— GIVEN INFORMATION —
——

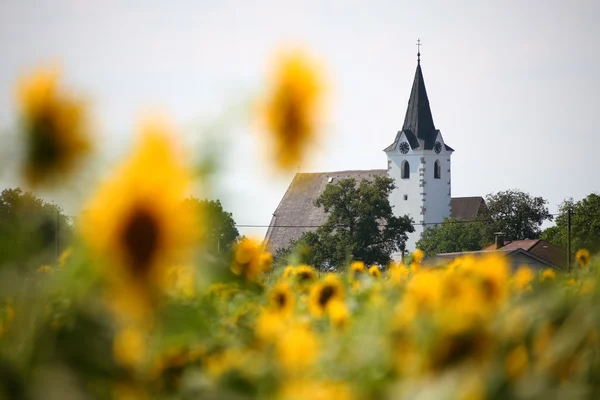 Zonnebloem veld in de buurt van kerk — Stockfoto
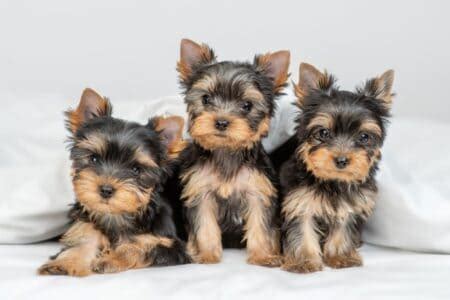 How Much Does A Yorkshire Terrier Cost Price Guide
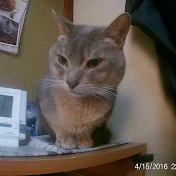 パツキンT V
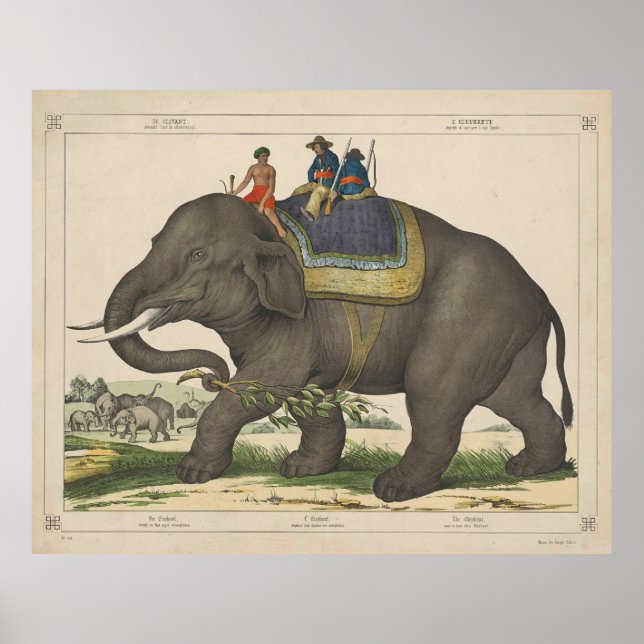 Póster Pintura vintage de hombres montando un elefante (Frente)
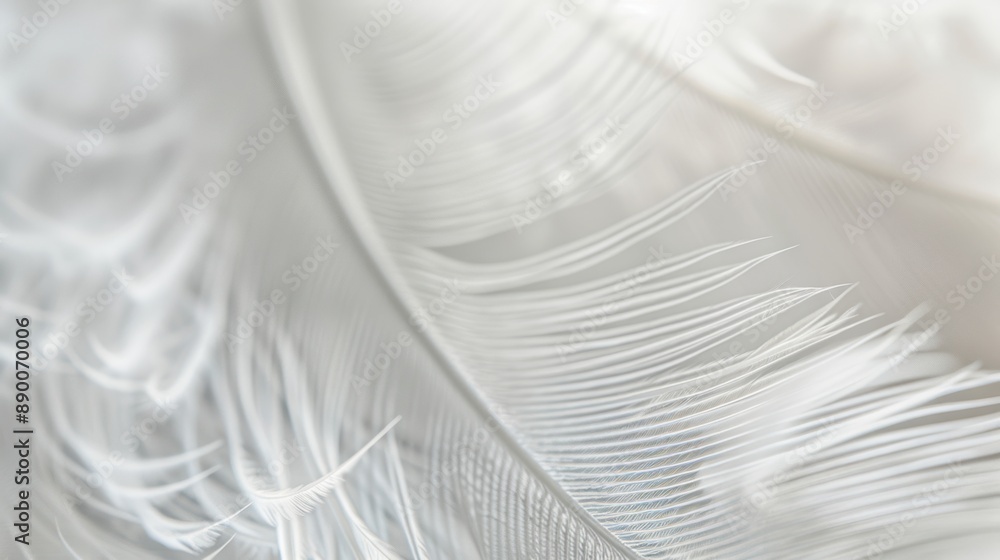 Poster detailed close-up of a soft white feather, showcasing delicate textures and fine lines, emphasizing 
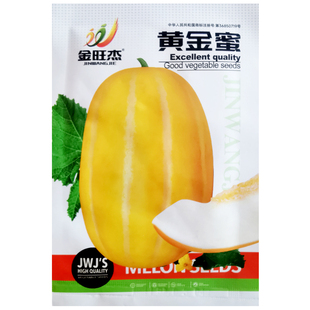 黄金蜜甜瓜种子薄皮黄皮香瓜春季阳台盆栽庭院农家作物蔬菜种植籽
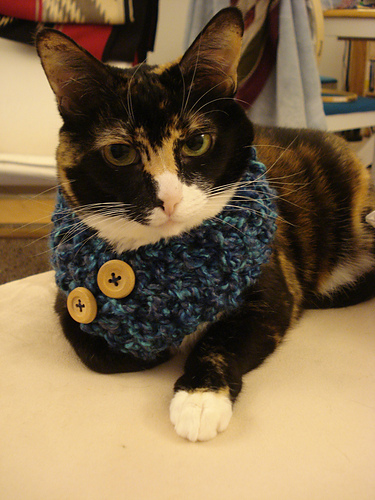 The Triangle Cowl for Tiny Creatures photo 8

——

— EXERCISE DETAILS —
Everything in the listing should be copied exactly, apart from the images it holds.

— RESULT OF THIS TASK —
 Zonnebloem veld in de buurt van kerk — Stockfoto
 How Much Does A Yorkshire Terrier Cost Price Guide
 パツキンT V
 Póster Pintura vintage de hombres montando un elefante (Frente)
 Poster detailed close-up of a soft white feather, showcasing delicate textures and fine lines, emphasizing 
 黄金蜜甜瓜种子薄皮黄皮香瓜春季阳台盆栽庭院农家作物蔬菜种植籽
 The Triangle Cowl for Tiny Creatures photo 8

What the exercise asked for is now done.